Supporting Hospice Caregivers - and their Daily Encounters with Death

Barbara Karnes, RN

Dear Barbara, What are ways to provide support to hospice staff (RN's, CNA's, SW's, CP's) who see death on a nearly daily basis? What actions would be meaningful in an industry where death is an integral part of our lives?

Working with end of life in the medical field often leaves us feeling like outliers. The medical model is designed to fix people. Working with dying generally isn’t addressed in training. (It’s getting better in our medical schools but we’ve still got a long way to go.)

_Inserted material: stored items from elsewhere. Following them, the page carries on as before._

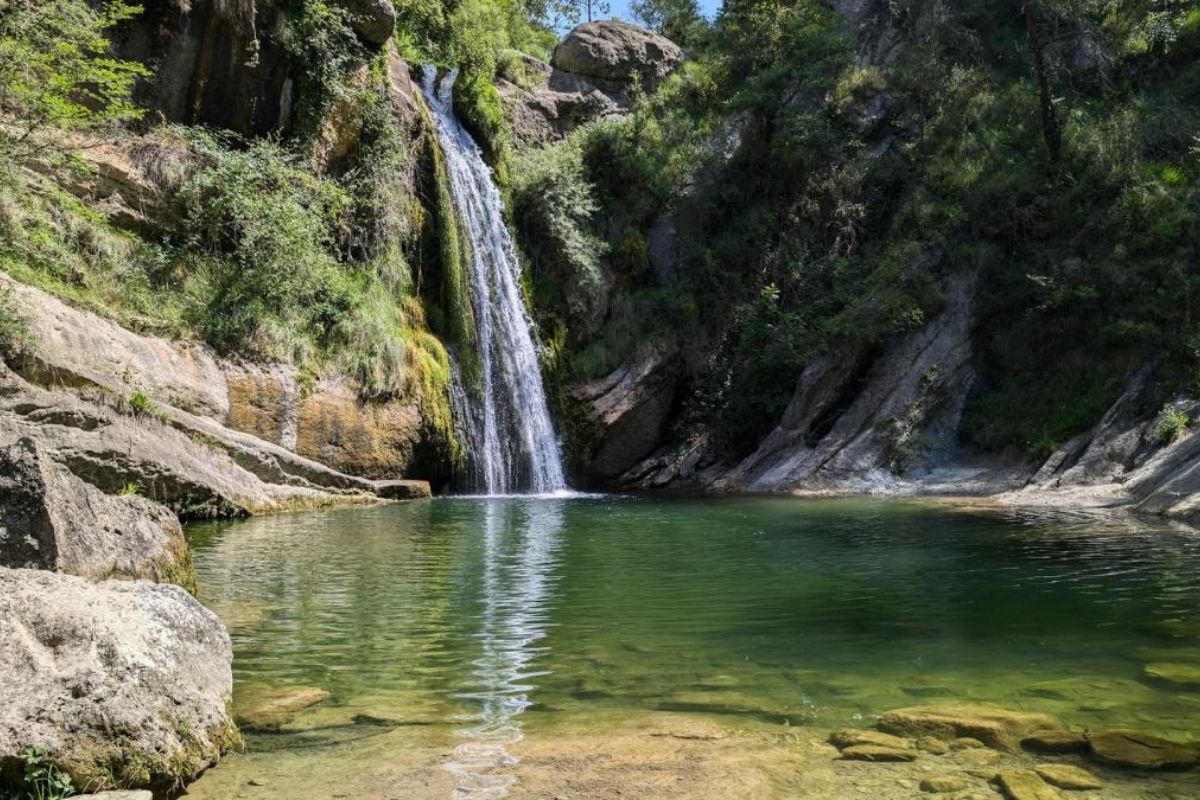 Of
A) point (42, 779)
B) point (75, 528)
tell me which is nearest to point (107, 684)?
point (42, 779)

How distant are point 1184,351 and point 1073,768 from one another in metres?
15.9

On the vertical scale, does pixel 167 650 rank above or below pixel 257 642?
above

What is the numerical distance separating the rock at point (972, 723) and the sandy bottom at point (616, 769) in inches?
6.5

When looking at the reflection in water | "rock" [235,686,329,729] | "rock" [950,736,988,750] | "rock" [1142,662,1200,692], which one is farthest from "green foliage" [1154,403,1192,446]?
"rock" [235,686,329,729]

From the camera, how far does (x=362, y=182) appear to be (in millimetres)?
20422

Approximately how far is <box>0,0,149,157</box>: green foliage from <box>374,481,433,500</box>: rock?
26.4 ft

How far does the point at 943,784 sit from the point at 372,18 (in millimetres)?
21164

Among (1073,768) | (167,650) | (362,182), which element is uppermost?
(362,182)

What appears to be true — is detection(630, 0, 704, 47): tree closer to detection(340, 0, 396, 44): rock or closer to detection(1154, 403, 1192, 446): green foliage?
detection(340, 0, 396, 44): rock

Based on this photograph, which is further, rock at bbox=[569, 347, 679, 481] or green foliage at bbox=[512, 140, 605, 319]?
green foliage at bbox=[512, 140, 605, 319]

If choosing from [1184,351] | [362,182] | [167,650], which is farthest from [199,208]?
[1184,351]

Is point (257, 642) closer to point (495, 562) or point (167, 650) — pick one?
point (167, 650)

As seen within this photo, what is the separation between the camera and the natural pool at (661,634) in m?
4.14

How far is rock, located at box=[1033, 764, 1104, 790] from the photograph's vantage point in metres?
3.40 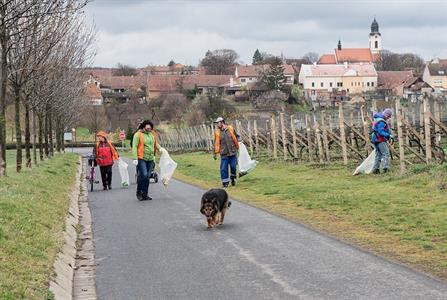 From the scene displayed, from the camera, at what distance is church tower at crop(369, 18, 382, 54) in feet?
646

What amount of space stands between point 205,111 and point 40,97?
50453 mm

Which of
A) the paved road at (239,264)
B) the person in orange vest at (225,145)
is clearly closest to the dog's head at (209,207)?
the paved road at (239,264)

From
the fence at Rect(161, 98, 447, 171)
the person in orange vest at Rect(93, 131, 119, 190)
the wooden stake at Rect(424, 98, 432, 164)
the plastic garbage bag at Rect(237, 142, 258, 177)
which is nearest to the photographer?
the wooden stake at Rect(424, 98, 432, 164)

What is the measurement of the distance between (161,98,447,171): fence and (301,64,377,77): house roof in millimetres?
85730

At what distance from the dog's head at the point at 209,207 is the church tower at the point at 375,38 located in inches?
7549

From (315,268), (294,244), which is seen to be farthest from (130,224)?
(315,268)

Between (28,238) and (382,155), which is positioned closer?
(28,238)

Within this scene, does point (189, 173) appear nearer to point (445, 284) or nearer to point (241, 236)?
point (241, 236)

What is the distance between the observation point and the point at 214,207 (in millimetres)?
11070

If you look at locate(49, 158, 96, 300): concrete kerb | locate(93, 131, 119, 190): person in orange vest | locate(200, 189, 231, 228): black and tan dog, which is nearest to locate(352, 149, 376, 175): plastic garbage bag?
locate(93, 131, 119, 190): person in orange vest

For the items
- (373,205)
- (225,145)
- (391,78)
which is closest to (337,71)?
(391,78)

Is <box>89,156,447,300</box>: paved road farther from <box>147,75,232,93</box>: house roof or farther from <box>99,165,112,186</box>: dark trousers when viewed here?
<box>147,75,232,93</box>: house roof

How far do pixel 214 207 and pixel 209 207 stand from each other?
93 millimetres

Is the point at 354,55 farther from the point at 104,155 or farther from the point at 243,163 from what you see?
the point at 104,155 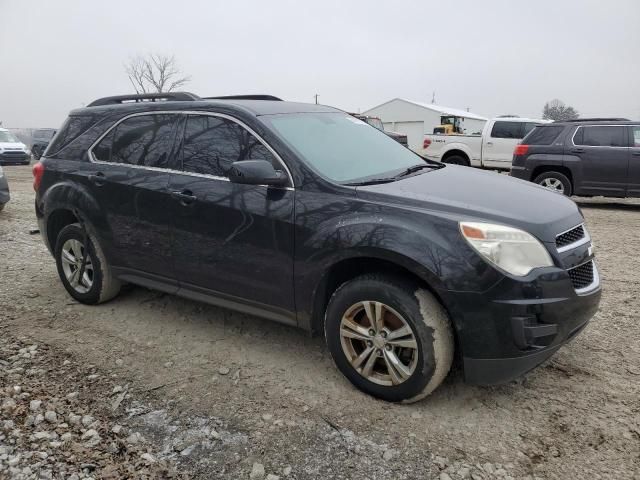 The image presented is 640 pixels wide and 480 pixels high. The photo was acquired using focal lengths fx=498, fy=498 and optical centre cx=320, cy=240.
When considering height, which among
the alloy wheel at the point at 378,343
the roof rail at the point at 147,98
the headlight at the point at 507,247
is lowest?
the alloy wheel at the point at 378,343

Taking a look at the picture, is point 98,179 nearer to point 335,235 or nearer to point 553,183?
point 335,235

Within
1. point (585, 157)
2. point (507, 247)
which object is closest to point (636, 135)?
point (585, 157)

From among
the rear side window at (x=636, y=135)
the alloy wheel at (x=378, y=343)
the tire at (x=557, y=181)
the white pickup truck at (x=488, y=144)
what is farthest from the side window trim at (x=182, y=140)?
the white pickup truck at (x=488, y=144)

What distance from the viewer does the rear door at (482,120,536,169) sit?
557 inches

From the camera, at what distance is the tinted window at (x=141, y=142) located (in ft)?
12.3

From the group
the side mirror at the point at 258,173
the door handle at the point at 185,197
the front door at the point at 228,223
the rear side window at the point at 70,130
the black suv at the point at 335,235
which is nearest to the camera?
the black suv at the point at 335,235

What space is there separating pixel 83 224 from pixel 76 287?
62cm

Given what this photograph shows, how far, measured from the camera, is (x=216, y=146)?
3477 mm

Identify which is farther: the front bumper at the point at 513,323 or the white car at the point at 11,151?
the white car at the point at 11,151

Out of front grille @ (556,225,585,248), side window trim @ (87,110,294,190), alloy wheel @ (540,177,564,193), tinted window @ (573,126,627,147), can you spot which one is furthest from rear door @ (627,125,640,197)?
side window trim @ (87,110,294,190)

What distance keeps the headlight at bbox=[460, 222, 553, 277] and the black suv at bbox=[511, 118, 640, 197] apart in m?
7.27

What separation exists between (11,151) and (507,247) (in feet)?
82.2

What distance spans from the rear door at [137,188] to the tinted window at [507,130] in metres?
12.4

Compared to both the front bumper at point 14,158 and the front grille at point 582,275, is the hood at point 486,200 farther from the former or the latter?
the front bumper at point 14,158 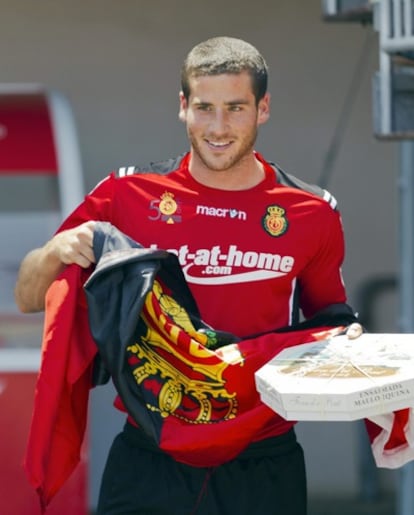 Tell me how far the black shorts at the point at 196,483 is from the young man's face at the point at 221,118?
736 mm

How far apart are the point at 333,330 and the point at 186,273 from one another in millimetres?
402

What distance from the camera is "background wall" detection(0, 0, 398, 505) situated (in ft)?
21.8

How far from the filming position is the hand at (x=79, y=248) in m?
3.58

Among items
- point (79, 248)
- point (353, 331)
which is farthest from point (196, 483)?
point (79, 248)

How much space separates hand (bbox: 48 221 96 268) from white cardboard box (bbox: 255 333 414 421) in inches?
20.2

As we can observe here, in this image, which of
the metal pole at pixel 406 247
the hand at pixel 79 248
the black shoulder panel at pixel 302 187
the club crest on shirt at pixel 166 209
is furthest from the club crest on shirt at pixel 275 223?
the metal pole at pixel 406 247

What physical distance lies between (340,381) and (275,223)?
0.58m

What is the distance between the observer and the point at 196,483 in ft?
12.1

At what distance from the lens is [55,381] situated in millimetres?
3516

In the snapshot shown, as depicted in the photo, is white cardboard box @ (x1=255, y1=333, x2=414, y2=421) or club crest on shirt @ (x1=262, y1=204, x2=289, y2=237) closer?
white cardboard box @ (x1=255, y1=333, x2=414, y2=421)

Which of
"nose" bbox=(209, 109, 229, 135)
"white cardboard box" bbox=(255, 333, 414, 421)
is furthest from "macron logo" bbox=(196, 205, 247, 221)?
"white cardboard box" bbox=(255, 333, 414, 421)

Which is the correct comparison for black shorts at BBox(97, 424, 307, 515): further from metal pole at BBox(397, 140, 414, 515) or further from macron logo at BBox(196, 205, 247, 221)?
metal pole at BBox(397, 140, 414, 515)

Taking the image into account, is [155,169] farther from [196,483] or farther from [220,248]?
[196,483]

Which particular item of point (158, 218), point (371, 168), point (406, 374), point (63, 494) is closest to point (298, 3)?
point (371, 168) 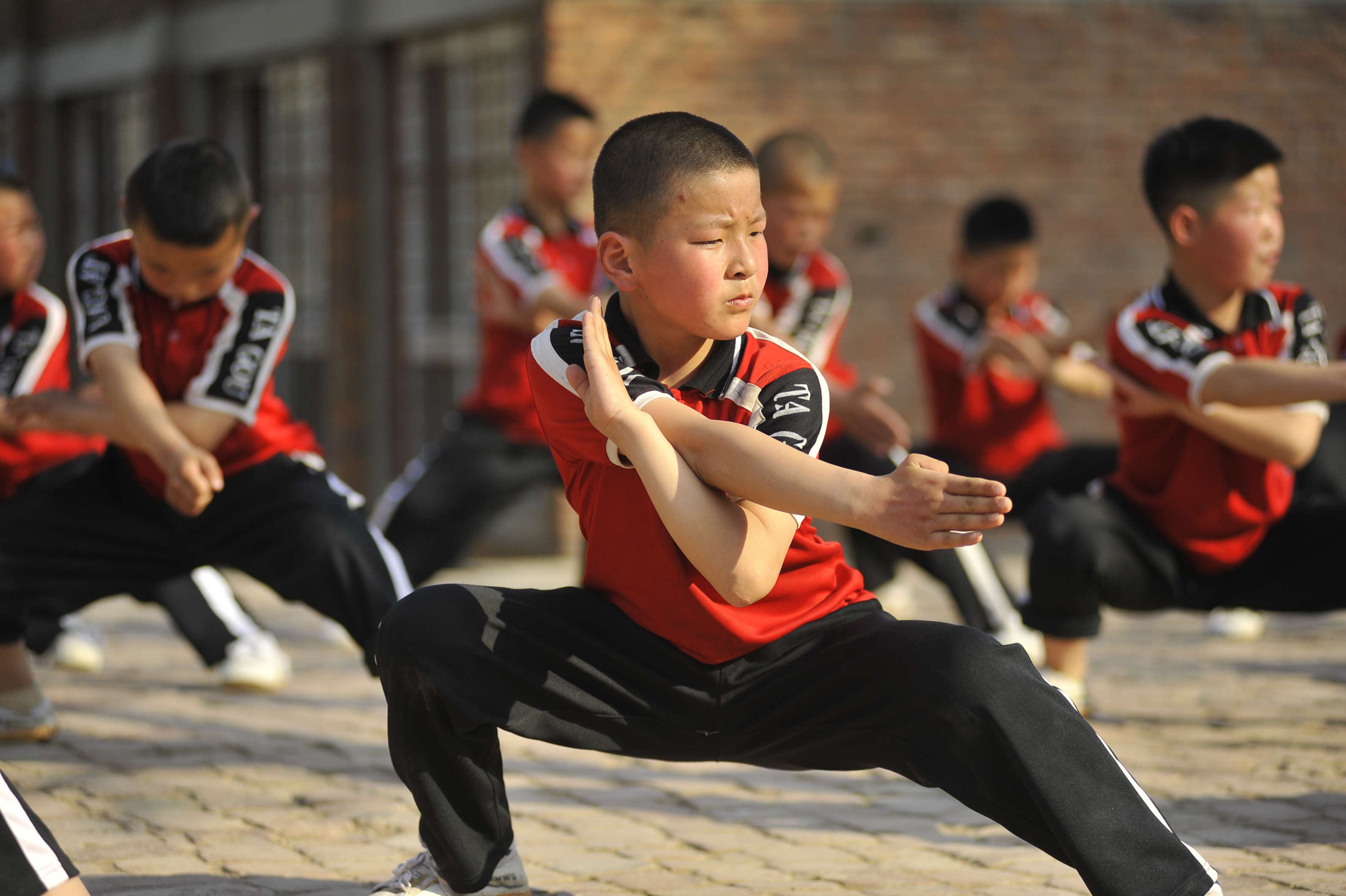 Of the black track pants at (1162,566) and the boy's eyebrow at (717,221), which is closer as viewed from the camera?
the boy's eyebrow at (717,221)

Because of this lack of education, it is up to the individual hospices to provide training. It isn’t enough to send a new employee to shadow for a week and then give them a caseload of patients. Forget a whole caseload, they're not going to be ready for even one patient. 

The agency must provide education to each employee on the signs of approaching death, what to look for, and what to do. Teach conversation skills, listening skills, medication and pain management skills. These are not skills generally focused on in medical or nursing schools. Social work and chaplaincy programs tend to focus more on communication and listening skills. So be sure to include the entire team in all facets of the education the agency is giving.

Next, teach them how to take care of themselves. Develop a closure ritual so they can move forward following each death. Daily or weekly journaling is helpful.

Create a buddy system. Each employee is teamed with another to call, talk and unload following any stressful situation. A buddy is a listener, someone to share concerns with and an “it goes no further” support person.

It’s not enough to tell staff they can talk with the agency social workers or chaplains or their supervisor if they are having a problem. Staff generally will not talk with administration for fear of looking weak or having people they work with think they are having challenges. 

Even though everyone dies at some point, we as a society tend to view death as bad, fearsome, something to be avoided. For those people who fill the important and often avoided job of the caregiver at end of life, their needs for well-being are unique. Agencies need to be responsive to those special needs.